The shooting last Friday at Magruder High School in Derwood sent the school into lockdown as law enforcement swarmed the campus.
A 15-year-old student was shot and remains hospitalized with critical injuries; the teenager accused of the shooting faces charges of attempted second-degree murder and is being prosecuted as an adult.
Beginning Tuesday, there will be a police presence in all high schools over the next week.
“This gun incident involving students at Magruder High School has weighed on our sense of security, not only at Magruder High School, but in every single school within the school system,” Interim Superintendent Monifa McKnight said Monday at a news conference.
“If there’s a police incident that occurs in the school, we deem it appropriate to have the police officers in that school,” McKnight said.
In addition to law enforcement presence, the schedule at Magruder High School will also be adjusted to a half-day schedule to allow students to access the support being provided at the school. Magruder students who do not feel comfortable or are still processing what happened and feel they cannot come to school will be given an excused absence.
Counselors and mental health professionals will also be present for students. In a letter to the community, MCPS shared mental health and counseling resources while encouraging parents to reassure their children about efforts to keep them safe. School administrators also plan to boost on-site social-emotional support for students and staff over the coming months.

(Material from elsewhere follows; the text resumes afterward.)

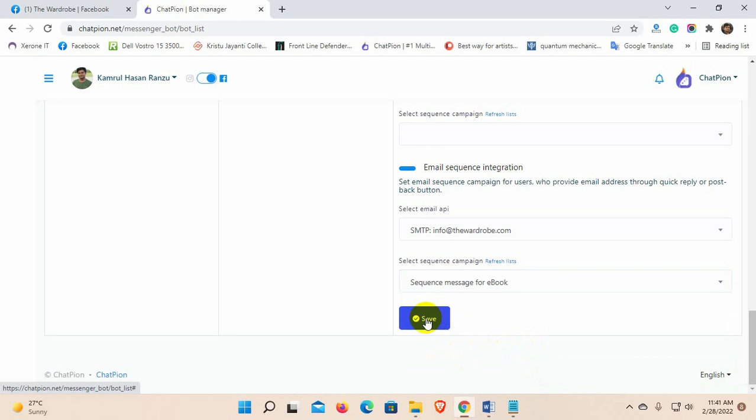So now, whenever we will collect any email by quick reply or button postback, the user will get two emails. First email in 30 minutes and the other one after one hour.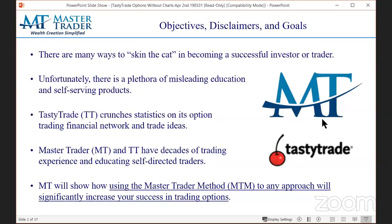Tasty Trade has an amazing financial network and a huge following. They crunch amazing statistics and have a huge research team, but they trade much differently than us. And that's what we're going to explore today. If you've been with them for a while, the conclusion of this is: adding the Master Trader approach with chart analysis is going to dramatically increase your odds of success. That is my promise to you today.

“Although events like this are rare, we recognize the impact they can have on each of us — our children, staff, families and friends,” the letter read. “Individuals react to situations like this in various ways. We may feel sadness, grief, helplessness, anxiety and anger; whatever you feel is OK.”
A community engagement officer, or CEO, will be at the high school throughout the week, along with other officers, especially during high-traffic times of arrival, lunch and dismissal.

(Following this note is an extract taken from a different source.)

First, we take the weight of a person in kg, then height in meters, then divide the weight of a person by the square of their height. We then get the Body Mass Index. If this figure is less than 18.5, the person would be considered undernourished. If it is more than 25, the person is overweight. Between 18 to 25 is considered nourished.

McKnight said that county officials will reevaluate the role of CEOs and how they support campuses. The CEO program was implemented this school year, McKnight said, and CEOs have started establishing relationships with principals and have been working with their schools.

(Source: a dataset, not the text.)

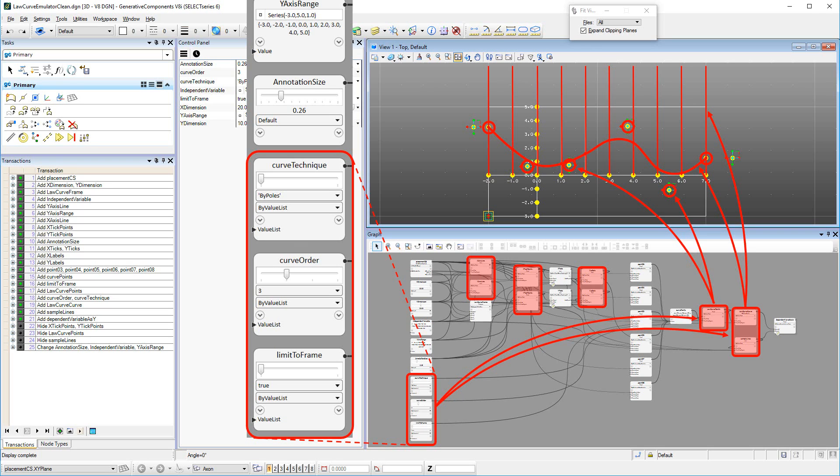And the sample lines, which are lines vertical to the x-axis based on the values of the independent variable. The intersection points between Law Curve curve and sample lines provide the dependent variable as their y-values.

CEOs, which replaced school resource officers, are assigned to a school cluster and respond if a staff member calls 911. They will work with administrators in determining with the school what the program’s presence needs to look like, McKnight said.
“What we have committed to do and what we are going to do right now is look at our program. We’ve implemented it this year; it’s our first time. We’re going to look at the incident that occurred on Friday; we’re going to continue to look at that program and evaluate it,” McKnight said.
Montgomery County schools will also undertake a comprehensive review of all their safety and security measures, including practices and procedures.
“Given the circumstance … of everything that we’ve shared this evening, students being isolated for a long period of time, trying to determine ways of how they can come back and interact appropriately with their peers, conflict resolution, all after being separated for a long period of time, we’ve got to help them with that,” McKnight said.
McKnight said the findings of the review will be shared with the community, and she expressed appreciation for law enforcement and first responders.
“When the school system called, everyone was there, and they were there promptly saying, ‘What is my role? And what can I do to help,'” McKnight said.
She said safety and security are the part of the schools’ very first priority. “Students must feel safe in order to learn.”
WTOP’s Alejandro Alvarez contributed to this report.